(Source data begins)

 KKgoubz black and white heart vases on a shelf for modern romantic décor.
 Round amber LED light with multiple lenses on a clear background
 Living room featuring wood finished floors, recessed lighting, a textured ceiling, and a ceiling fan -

(Source data ends)
(Source data begins)

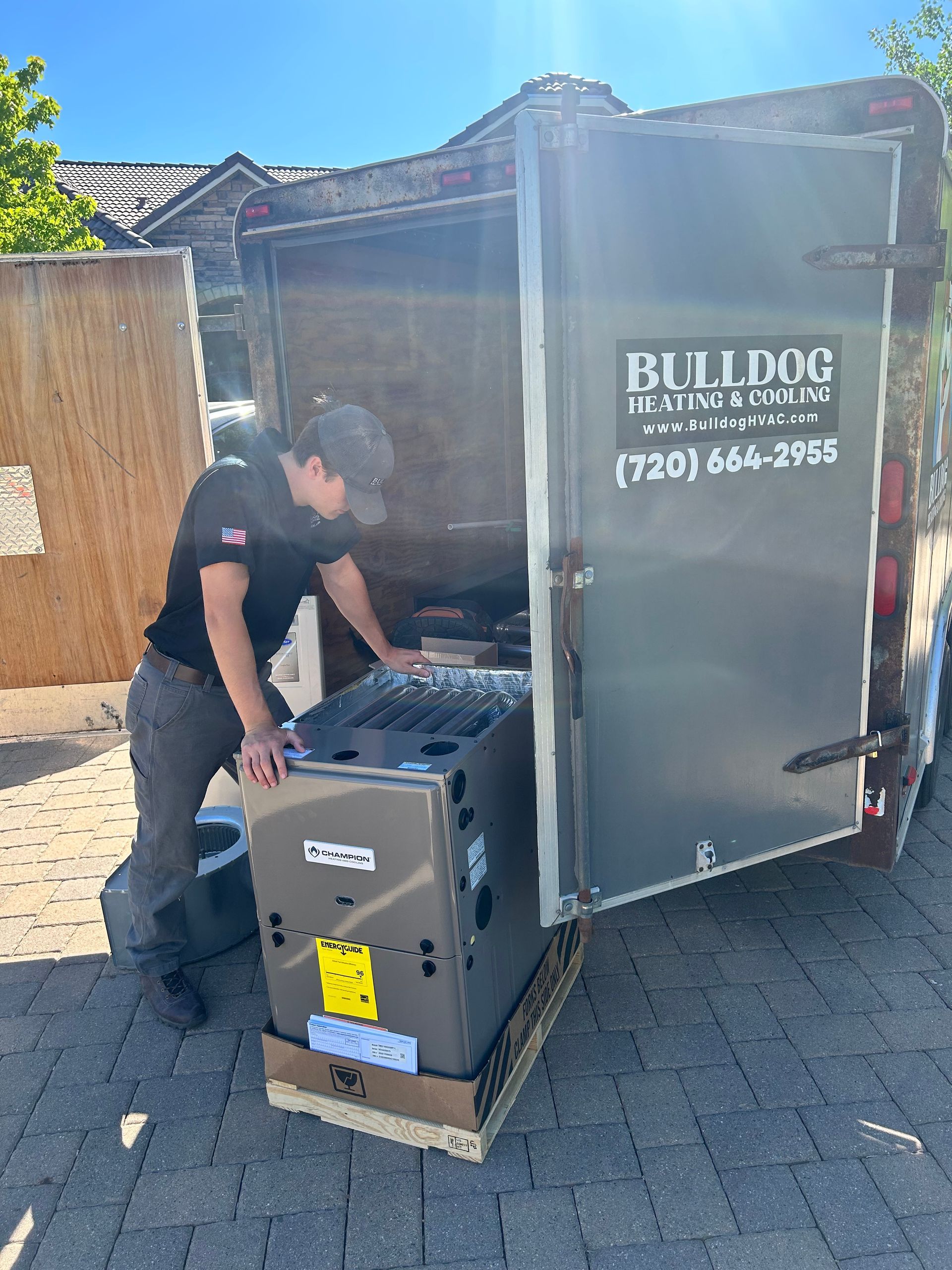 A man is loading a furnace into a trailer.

(Source data ends)

Directions » A word-for-word copy of the lines above from the one with "KKgoubz black and" through the one with "Living room featuring", inclusive, is the only output wanted.

Task output »
 KKgoubz black and white heart vases on a shelf for modern romantic décor.
 Round amber LED light with multiple lenses on a clear background
 Living room featuring wood finished floors, recessed lighting, a textured ceiling, and a ceiling fan -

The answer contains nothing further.